Predisposition and Diagnosis
Polycystic ovarian syndrome (PCOS) may simply be defined as a hormonal imbalance; women with PCOS have ovaries that produce more androgens (male hormones) than normal. This is due to elevated levels of insulin which leads to the increase in production of androgen within the ovary. These high levels of androgen can hinder the development and release of eggs during ovulation causing PCOS infertility.
PCOS affects 1 in 20 women of childbearing age, or 5 million women in the United States. The exact cause of PCOS is unknown, but it is believed PCOS may be linked to genetics*.

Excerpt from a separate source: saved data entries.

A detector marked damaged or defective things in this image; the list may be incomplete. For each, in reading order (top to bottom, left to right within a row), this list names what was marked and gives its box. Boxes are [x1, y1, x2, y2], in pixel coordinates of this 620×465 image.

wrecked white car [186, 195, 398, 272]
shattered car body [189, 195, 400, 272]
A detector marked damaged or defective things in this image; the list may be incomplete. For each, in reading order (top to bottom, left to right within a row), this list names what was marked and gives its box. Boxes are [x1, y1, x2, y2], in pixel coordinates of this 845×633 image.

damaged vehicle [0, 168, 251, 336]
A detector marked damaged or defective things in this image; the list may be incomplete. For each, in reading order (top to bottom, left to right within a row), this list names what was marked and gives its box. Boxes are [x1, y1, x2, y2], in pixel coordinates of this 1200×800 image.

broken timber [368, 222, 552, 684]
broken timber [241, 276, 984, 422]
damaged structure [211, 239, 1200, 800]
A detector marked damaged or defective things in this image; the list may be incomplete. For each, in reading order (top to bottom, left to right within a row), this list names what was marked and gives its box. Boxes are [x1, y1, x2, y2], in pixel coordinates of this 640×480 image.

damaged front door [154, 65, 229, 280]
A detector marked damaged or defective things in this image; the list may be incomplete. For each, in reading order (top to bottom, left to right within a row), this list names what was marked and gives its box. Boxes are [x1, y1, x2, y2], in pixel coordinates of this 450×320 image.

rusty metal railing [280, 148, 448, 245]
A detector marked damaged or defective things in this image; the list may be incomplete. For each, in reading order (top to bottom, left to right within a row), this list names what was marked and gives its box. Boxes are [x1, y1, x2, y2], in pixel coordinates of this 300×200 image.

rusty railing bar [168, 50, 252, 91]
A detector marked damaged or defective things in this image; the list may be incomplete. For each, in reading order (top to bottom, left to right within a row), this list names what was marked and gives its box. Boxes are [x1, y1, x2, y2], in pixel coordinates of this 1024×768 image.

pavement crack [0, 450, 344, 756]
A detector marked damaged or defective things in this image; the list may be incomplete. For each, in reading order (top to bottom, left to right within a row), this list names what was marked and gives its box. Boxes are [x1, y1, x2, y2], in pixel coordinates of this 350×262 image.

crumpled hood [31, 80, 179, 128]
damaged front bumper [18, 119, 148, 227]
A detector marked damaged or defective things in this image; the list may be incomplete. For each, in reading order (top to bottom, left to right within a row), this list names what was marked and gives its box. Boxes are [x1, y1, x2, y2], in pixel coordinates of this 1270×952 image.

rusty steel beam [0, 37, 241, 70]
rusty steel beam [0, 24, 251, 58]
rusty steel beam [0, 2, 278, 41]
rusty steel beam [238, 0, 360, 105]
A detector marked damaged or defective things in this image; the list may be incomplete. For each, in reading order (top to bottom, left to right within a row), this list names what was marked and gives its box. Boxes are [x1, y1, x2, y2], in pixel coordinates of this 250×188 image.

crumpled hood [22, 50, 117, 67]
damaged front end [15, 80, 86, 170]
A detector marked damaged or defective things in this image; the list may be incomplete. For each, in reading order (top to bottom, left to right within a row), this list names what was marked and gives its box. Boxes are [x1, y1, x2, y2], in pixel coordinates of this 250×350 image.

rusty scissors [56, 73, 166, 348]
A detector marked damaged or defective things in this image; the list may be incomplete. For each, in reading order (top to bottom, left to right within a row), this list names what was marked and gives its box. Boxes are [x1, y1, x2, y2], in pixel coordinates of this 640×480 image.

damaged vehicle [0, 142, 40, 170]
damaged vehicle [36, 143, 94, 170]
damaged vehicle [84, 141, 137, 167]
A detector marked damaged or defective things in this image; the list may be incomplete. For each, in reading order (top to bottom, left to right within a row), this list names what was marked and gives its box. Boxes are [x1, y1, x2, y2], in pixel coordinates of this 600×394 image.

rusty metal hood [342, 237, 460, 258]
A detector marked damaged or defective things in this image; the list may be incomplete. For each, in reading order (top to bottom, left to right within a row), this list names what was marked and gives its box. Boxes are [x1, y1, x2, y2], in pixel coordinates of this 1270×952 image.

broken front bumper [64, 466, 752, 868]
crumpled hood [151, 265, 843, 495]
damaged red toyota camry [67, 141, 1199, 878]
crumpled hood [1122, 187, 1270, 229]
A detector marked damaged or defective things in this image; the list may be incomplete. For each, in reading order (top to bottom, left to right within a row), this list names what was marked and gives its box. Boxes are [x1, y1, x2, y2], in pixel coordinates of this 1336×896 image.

To diagnose a patient with PCOS they must have 2 out of the 3 following symptoms:
- Little to no ovulation with possible irregular menstrual cycles or consistent bleeding (menses greater than 35 days or urine ovulation predictor kit never turning positive despite regular menses)
- Excess male hormone:
- Total testosterone/ free T level equal-or-greater to 50 or DHEAS levels greater than 250
- Can also be observed by male-pattern baldness or hair thinning; hirsutism (increased hair growth on face/jaw line, chest, back, stomach, upper arms, and/or upper legs); acne
- Ultrasound of ovaries indicates more than 12 follicles in an ovary
Treatment and Success
Although there is no cure for PCOS, it can be effectively managed in patients not looking to conceive with a treatment including oral birth control, metformin (glucophage), with diet and exercise.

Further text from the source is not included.